Want to run your .NET Standard code directly in the browser on the client-side without the need for transpilers or browser plug-ins? Well, now you can with WebAssembly and Blazor.
WebAssembly (WASM) is the W3C specification that will be used to provide the next generation of development tools for the web and beyond. Blazor is Microsoft's experiment that allows ASP.Net developers to create web pages that do much of the scripting work in C# using WASM.
Come join us as we explore the basics of WebAssembly and how WASM can be used to run existing C# code client side in the browser. You will walk away with an understanding of what WebAssembly and Blazor can do for you and how to immediately get started running your own .NET code in the browser.
Barry is a .NET Software Engineer who has been creating business solutions for enterprise customers for more than 30 years. Barry is also an Election Integrity Activist, baseball and hockey fan, husband of one genius and father of another, and a 30+ year resident of Phoenix Arizona. When Barry is not traveling around the world to speak at Conferences, Code Camps and User Groups or to participate in GiveCamps, he spends his days building integrated, intelligent systems and his nights thinking about the next AZGiveCamp, an annual event where software developers come together to build websites and apps for some great non-profit organizations.
You can follow Barry on Twitter @bsstahl or read his blog at http://www.cognitiveinheritance.com.
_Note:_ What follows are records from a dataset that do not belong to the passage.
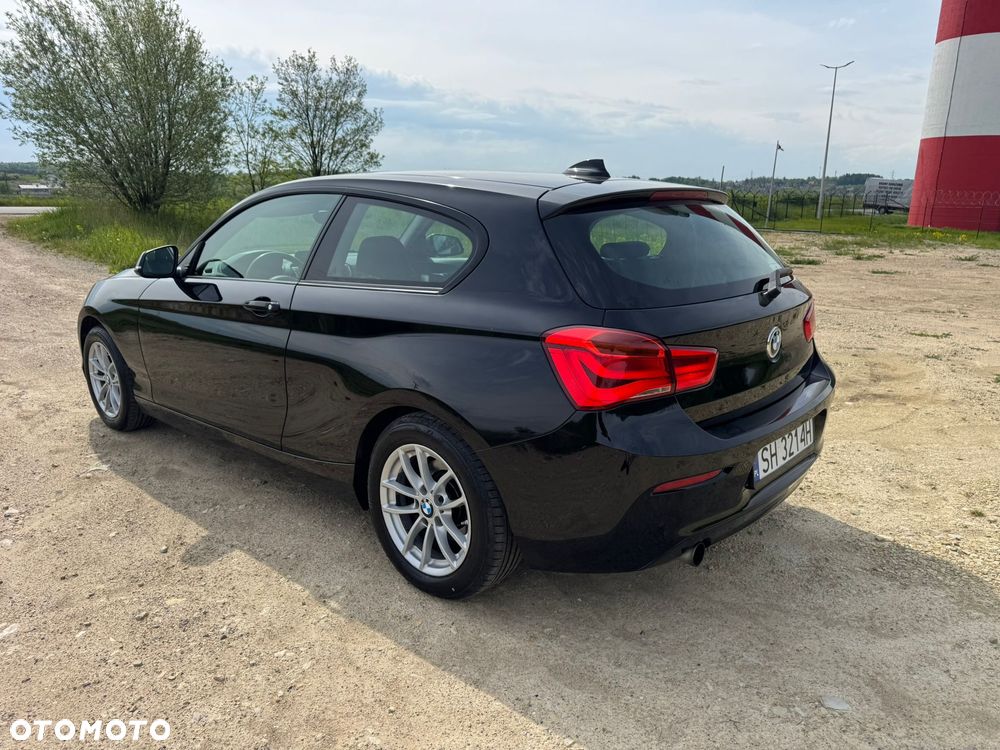 BMW Seria 1 118i Advantage - 3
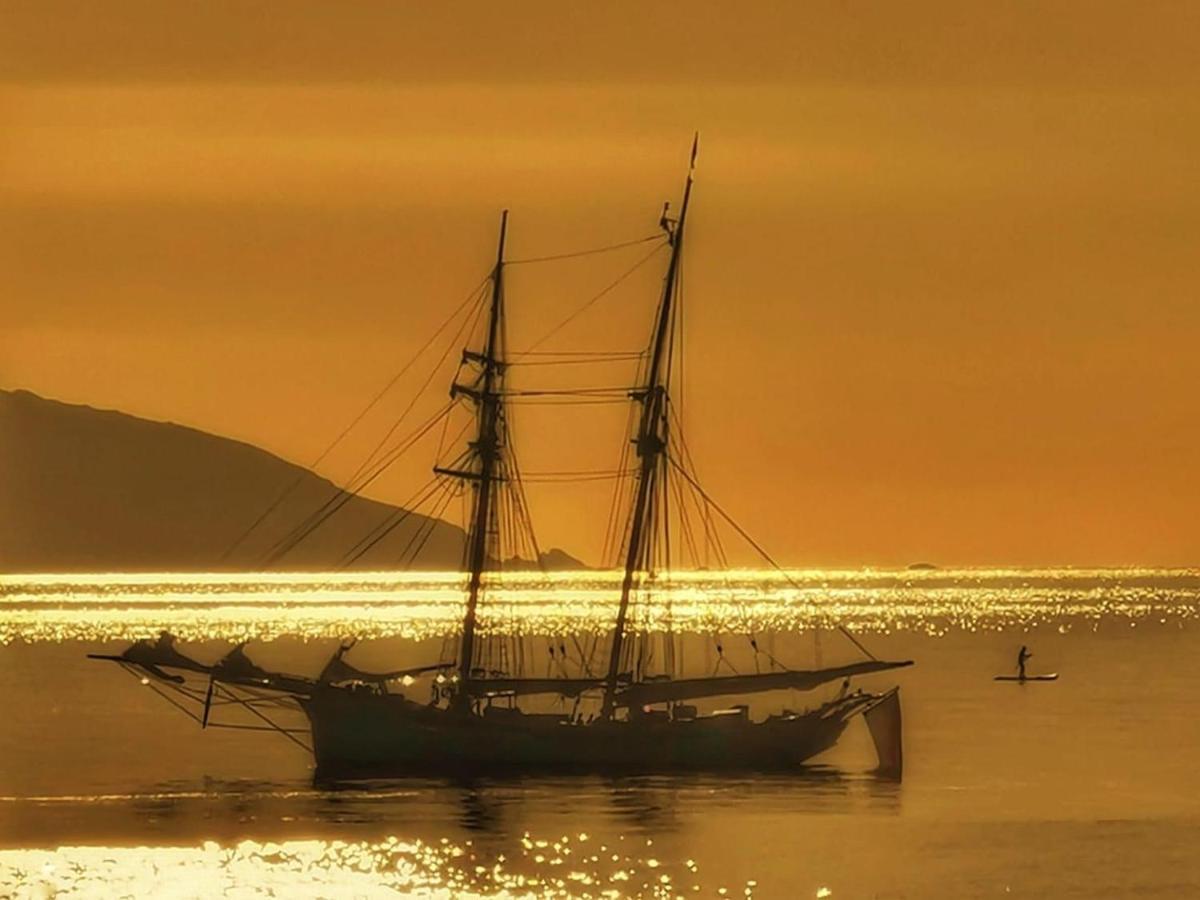 Sea Haze Charlestown Vila St Austell Exterior foto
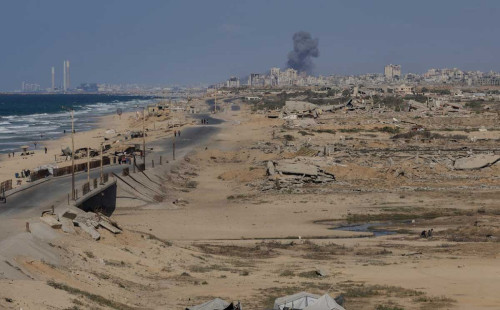 যুদ্ধবিরতির জন্য যেসব প্রধান যেসব শর্ত দিল হামাস 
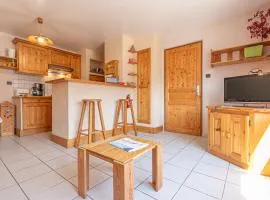 Appartement au calme avec terrasse, près des pistes, animaux acceptés - FR-1-840-6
Building an API can be costly and time consuming. We'll cover how you can use Function as a service (FAAS) to make this process simple by using @kalarrs (https://kalarrs.com/) and the Serverless Framework (https://serverless.com/framework/). You'll have API's up and running in less than an hour that can scale to any demand.
Kalarrs Topham was formerly the associate director of engineer at HealthiestYou. His software innovation helped the company in getting acquired by Teladoc Inc. He has also participated and placed 1st in several hackathons in the Phoenix area including Opportunity Hack hosted by PayPal.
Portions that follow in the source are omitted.